A more recent example arose following the 1954 Supreme Court decision in Brown v. Board of Education, which reversed racial segregation in public schools. To escape school integration, Eufaula town fathers used the Federal Housing Act of 1949, a landmark achievement of President Harry Truman’s Fair Deal, to wipe out an entire black neighborhood through eminent domain. “In the city’s fight against the largest federal intervention in US civil rights history,” Cowie points out, “it has armed itself with another wing of federal power.”
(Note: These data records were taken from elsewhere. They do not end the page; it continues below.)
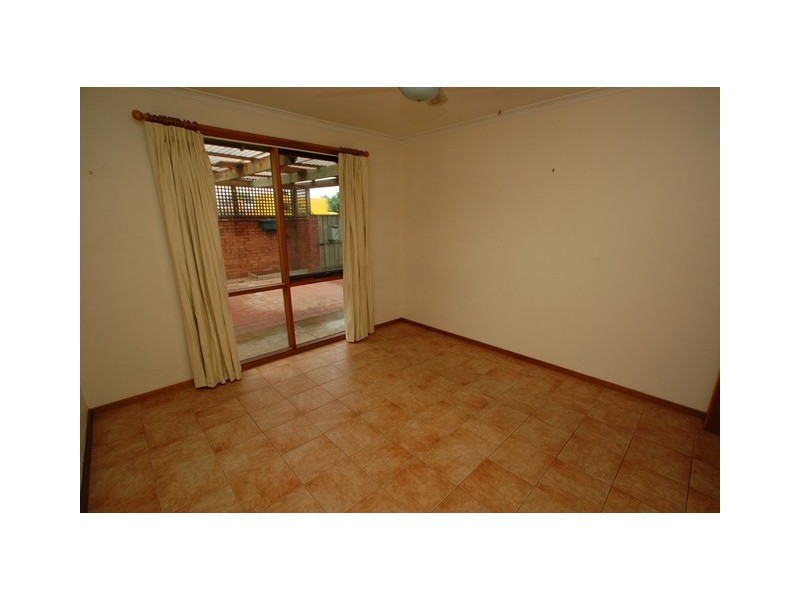 7/20 Daws Road, Ascot Park SA 5043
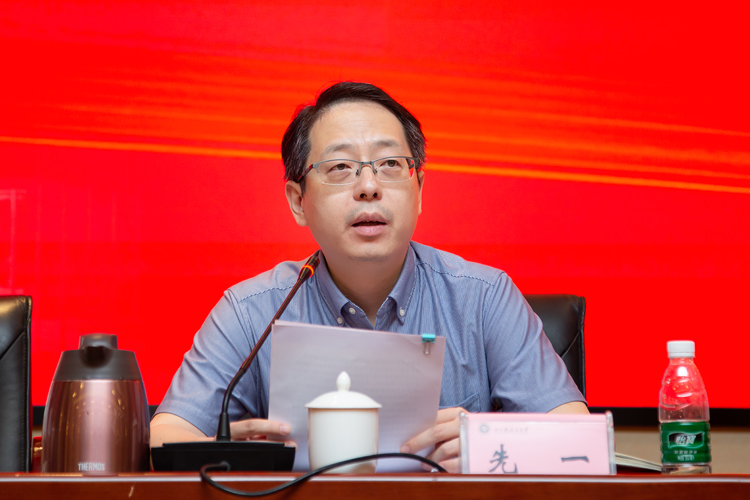 XCB_5059.jpg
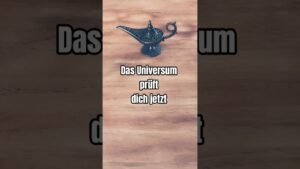 Leia mais sobre o artigo Du wirst WUNDER erleben! Bleib bei dir 👑🍀🌟 #tarot #333 #999 #444 #0000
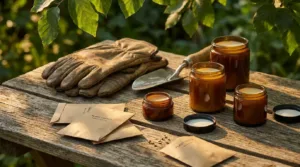 Biscarrosse : des ateliers pour initier les jeunes à l&rsquo;écologie urbaine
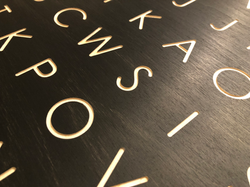 2020-12-23_22-41-08_338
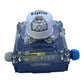 Tyco SBXTZ12HOV38POO Positionsmonitor Tyco SBXTZ12HOV38POO Positionsmonitor Tyco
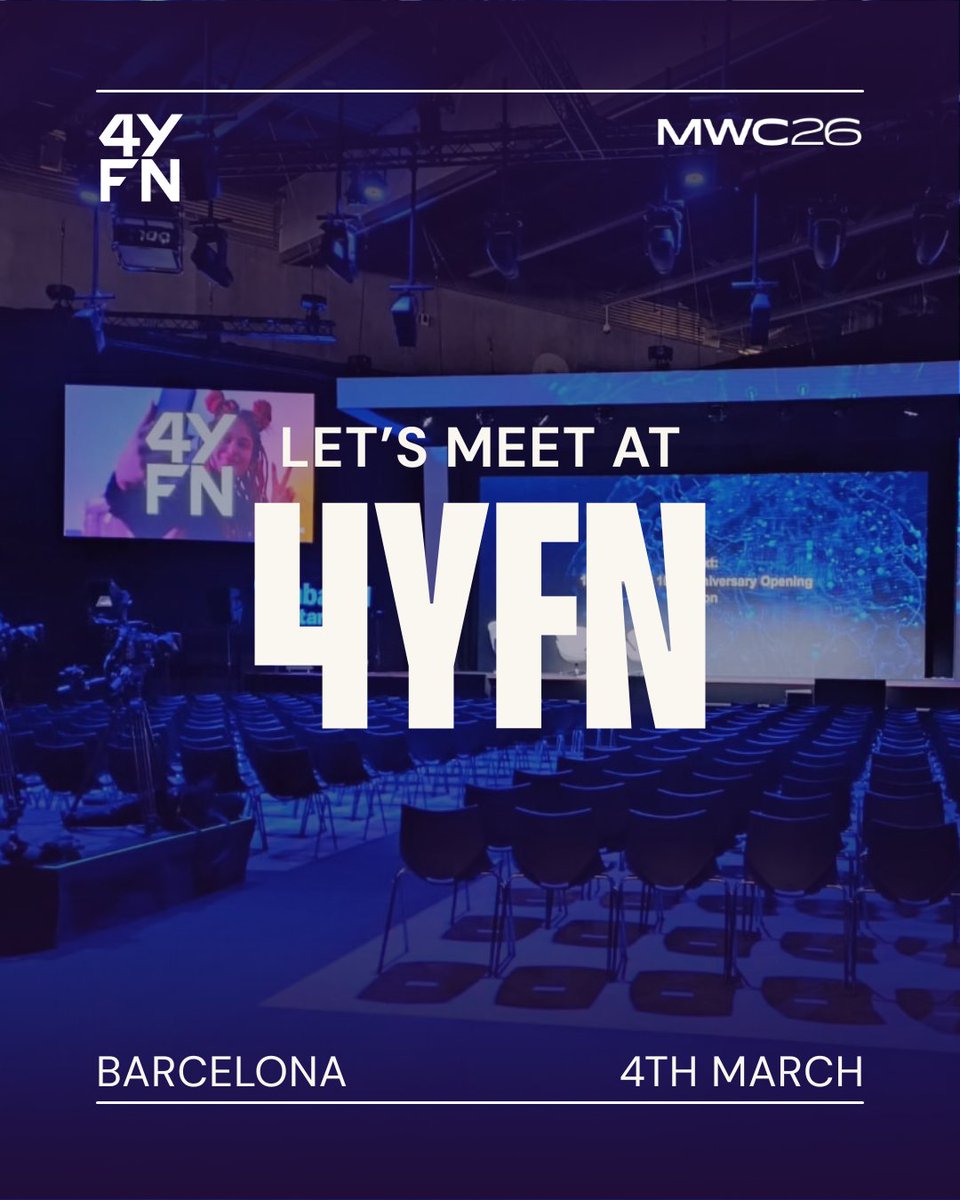 Adsmurai tweet media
While Cowie acknowledges the often negative consequences of New Deal and Fair Deal initiatives for African Americans, such as the use of slum clearance programs to destroy black neighborhoods, he shows an unfortunate tendency to make excuses to liberals “who wanted to improve the lives of the poor.” They continued to face “political restrictions”, or were given a “confused mission”, or were not given “sufficient tools and resources to do the job”. If the later history of these programs is any indicator, Cowie had better wonder if these failures were endemic to the “mission” itself.
Likewise, Cowie is only too willing to give Roosevelt, whom he credits with reading “politics with horrible clarity”, the benefit of the doubt for not insisting on anti-lynching legislation. When weighing the political calculus, Cowie concludes, the president had “too many things at stake – Social Security, collective bargaining, fair labor standards, housing, the Works Progress Administration, rural electrification , banking reform and a host of other new government programs – to go behind race relations with vigor.”
Such statements justify the inaction of a president who, when he wanted something, had a legendary talent for obtaining it. From 1937 to 1939, lopsided majorities in Congress gave Roosevelt more than enough political opportunity to both protect the New Deal and advance an anti-lynching bill — if an anti-lynching bill was really a priority. But he never publicly showed his support. In 1940, his influential, conservative, and southern vice president, John Nance Garner, privately endorsed such a bill. Roosevelt continued to do nothing.
Cowie also erroneously suggests that the states’ rights doctrine was unique to the South. It does not, for example, acknowledge the vigorous assertion of this principle by northern states in the 1850s through personal liberty laws designed to undermine the Fugitive Slave Act. It is telling that the term states rights was almost entirely absent from Southern declarations of secession, which more often centered on a very different, and sometimes dynamically opposed, “compact theory”: secessionists complained that the federal government had not sufficiently enforced the fugitive slave clause of the Constitution. Other telltale indicators of Confederate insincerity and opportunism include knee-jerk opposition to secessionist movements in West Virginia and Jones County, Mississippi. Much later, Arkansas Governor Orval Faubus showed his contempt for localism by reversing Little Rock’s decision to integrate its schools.
Cowie knows how to tell a good story. And sometimes it hits the mark; its first chapters, dealing with the expulsion from the Creek, are particularly well done. But his book weakens as his larger thesis on the meaning and application of freedom becomes increasingly strained and untenable.